Public school coaches around the state had to unfriend and unfollow their players on social media and eliminate player phone numbers from their phones and their old team apps such as TeamSnap and SportsYou that might have been used for years outside of their school district’s control.
Frustration over the new law prompted a petition urging the General Assembly to ask Gov. Andy Beshear to pause enforcement of the measure until it can be reviewed and amended.
“It creates a lot of problems, more than they ever thought of,” said Rowan County special education teacher Allison Slone, who was recognized as Kentucky Teacher of the Year in 2024 by the Kentucky Education Association and put together the online petition against the law at MoveOn.org that has garnered more than 13,000 signatures in less than a month.
Slone argues in the petition that S.B. 181 infringes on First Amendment freedoms and that its “ambiguous language and broad scope … have created confusion and fear among school employees, chilling their participation in personal, professional, and community activities that are unrelated to their duties in the educational system.”
Penalties for violating the law can include termination and loss of teacher certification.
“What’s crazy about this — they say it is to protect children, but only those that go to public school,” Slone told the Herald-Leader. “Like, you know, ‘Who cares about the kids in private school?’ And, apparently, ‘Who cares about kids that are homeschooled.’ … We know there’s things that happen in public school.
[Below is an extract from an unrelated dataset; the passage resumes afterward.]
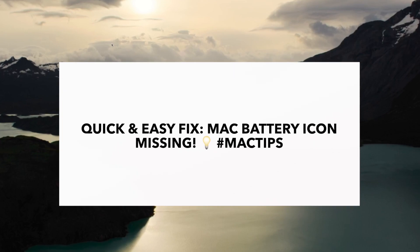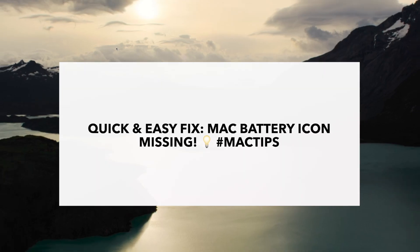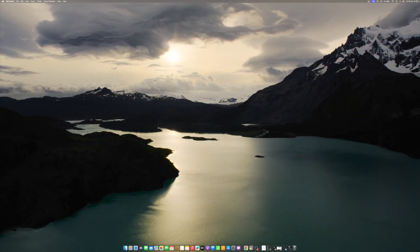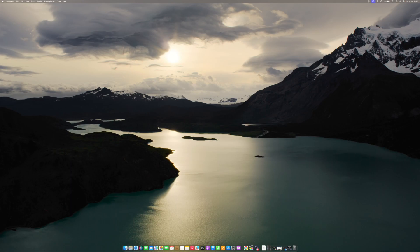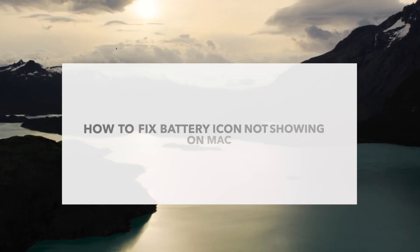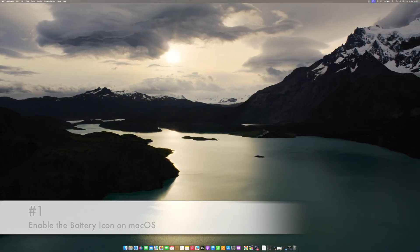If your Mac is powered by a battery, you can enable the battery and percentage icon in the device's menu bar. However, many users are reporting about the battery icon not showing on their Mac. Has the battery icon disappeared from the menu bar on your Mac too? In that case, watch along to find all the possible fixes to the battery icon not showing on the Mac issue.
It happens everywhere, though. But this law just literally targets only those of us at public school.”
Officials with the American Civil Liberties Union of Kentucky said they are exploring whether S.B. 181, codified as KRS 160.145, violates the U.S. Constitution.
“The ACLU of Kentucky is investigating S.B. 181 and its impact on individuals’ lawful speech,” said William Sharp, senior staff attorney for the ACLU.
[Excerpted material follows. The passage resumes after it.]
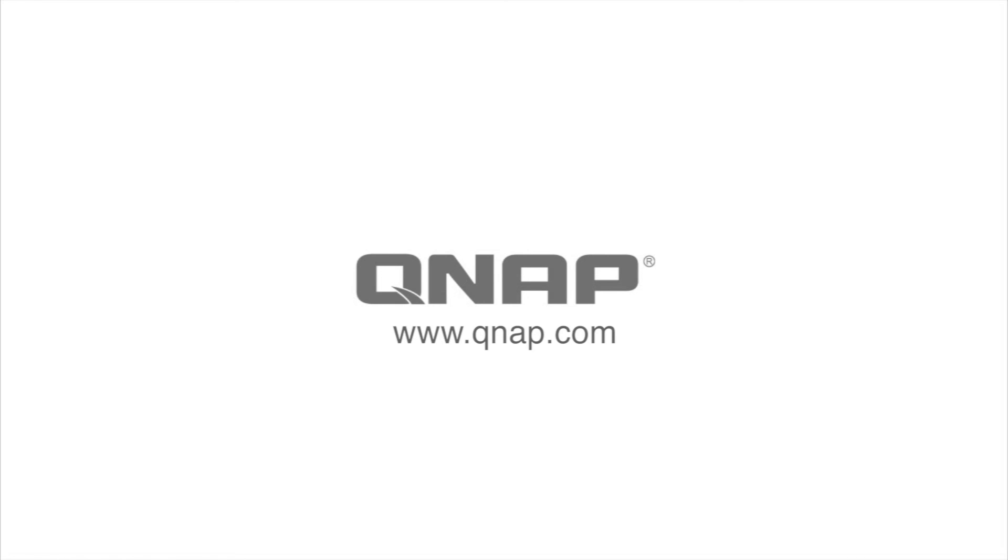For more information regarding recommended hardware and best practices, see the links below. I hope this video was able to help you take advantage of this great tool. Be sure to check out the rest of our videos to better utilize your QNAP NAS. Thanks for watching.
Lawmaker acknowledges concerns
Sen. Lindsey Tichenor, R-Smithfield, sponsored S.B. 181 as a way to tackle the increasing number of teachers and coaches who have been accused of sexual misconduct.
A 2022 Herald-Leader investigation found that of the 194 teachers whose teaching licenses were voluntarily surrendered, suspended or revoked by the Kentucky Education Professional Standards Board from 2016 to 2021 the vast majority — 61% — trace back to sexual misconduct.
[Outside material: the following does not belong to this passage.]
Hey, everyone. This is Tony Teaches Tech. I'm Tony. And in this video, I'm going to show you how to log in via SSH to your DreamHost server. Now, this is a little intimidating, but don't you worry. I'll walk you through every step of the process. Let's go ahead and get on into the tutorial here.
A study published in the Journal of Child Sexual Abuse on Kentucky teacher misconduct cases showed 70% of those cases started with private, electronic communication between a student and a teacher.
In Slone’s own school district, former Rowan County assistant girls basketball coach Andrew Zaheri pleaded guilty to federal child pornography charges last year related to a sexual relationship with a student. Andrew Zaheri is serving more than 20 years in federal prison for that crime.
After a Rowan County High School student protest against then-principal Jordan Mann in May, he was reassigned to other duties outside the school. Mann faces a civil suit accusing him of failing to act on multiple complaints about Zaheri’s behavior.
Last month, former Bardstown assistant football coach Jeremy Dale pleaded guilty to charges related to physical harassment of four girls.
Last week, Ronnie and Donnie Stoner, former football coaches at DuPont Manual in Louisville, were arraigned on dozens of charges related to alleged sexual abuse of girls in their care over nearly two decades.
Tichenor said she heard no objections or concerns about S.B. 181 when it was passed with unanimous bipartisan support in the House and the Senate earlier this year.
In response to some of the criticism that reached lawmakers in early July, Tichenor wrote an op-ed defending the law, but acknowledging concerns with a pledge to refine its language in the next legislative session.
Tichenor told the Herald-Leader she has heard from many school officials, parents and coaches about concerns about the bill and hiccups in implementing the measure that was meant to protect students.
“I take those concerns seriously and value the feedback I’m receiving,” Tichenor said. “My focus right now is on listening and working collaboratively to make sure the law is implemented in a way that supports both student safety and practical realities of our schools and extracurricular programs.”
Students and teachers say communication key to mentor relationships
On July 9, the Kentucky Student Voice Team, a student-led organization in continuous existence since 2012, expressed its concerns in a public statement about the law and the implications it “will have on the strong, trust-based relationships that we, as students, build with educators and school staff. Caring and consistent relationships with trusted adults are critical for student success — academically, socially, and emotionally. …
“S.B. 181 takes a punitive, one-size-fits-all approach that undermines healthy relationships and limits student and educator agency. In effect, it makes many students less safe.”
Coaches the Herald-Leader has spoken to and received messages from acknowledge the good intentions and need for the bill, but many question how well thought out it was given its consequences to routine matters and the countless positive interactions they take part in.
Frederick Douglass baseball coach Braden Johnson has been vocal on social media about his objections to the law and shared and signed Slone’s petition.
“Most of us that are out here coaching sports, regardless of what sport, you’re doing it to help kids,” Johnson said. “Coaching doesn’t just happen in person. … We’re helping kids with issues either at home or sometimes off the field or things like that. It kind of puts a barrier in some of the relationships you can have. And I know a lot of us coach for those relationships.”
Johnson’s Broncos have been rocked in the last two years by the death of a beloved alumnus and a junior varsity player killed in a car wreck last season.
“I’ve helped kids through taking texts and phone calls at all hours of the night — just grieving kids,” Johnson said. “I’ve had a kid I’ve picked up off the side of the road because his car broke down — all kinds of stuff we helped these kids through.”
Lexington Christian football coach Oakley Watkins, in his first year in charge of the Eagles after 12 years as an assistant, isn’t bound by the law, but empathized with the difficulties it poses for his public colleagues.
“I just can’t imagine not being able to take a phone call from a player that’s in a time of need,” Watkins said. “The relationships with these kids and helping hopefully build better people, and having that impact on those guys is why we do it.”
Bryan Station boys soccer coach Alex Tungate acknowledged communicating with his players about team news has been a challenge under the law. Some students at his school and others represent the only reliable way to communicate via phone or text with their families despite informational announcements made on the team’s Facebook and Instagram pages.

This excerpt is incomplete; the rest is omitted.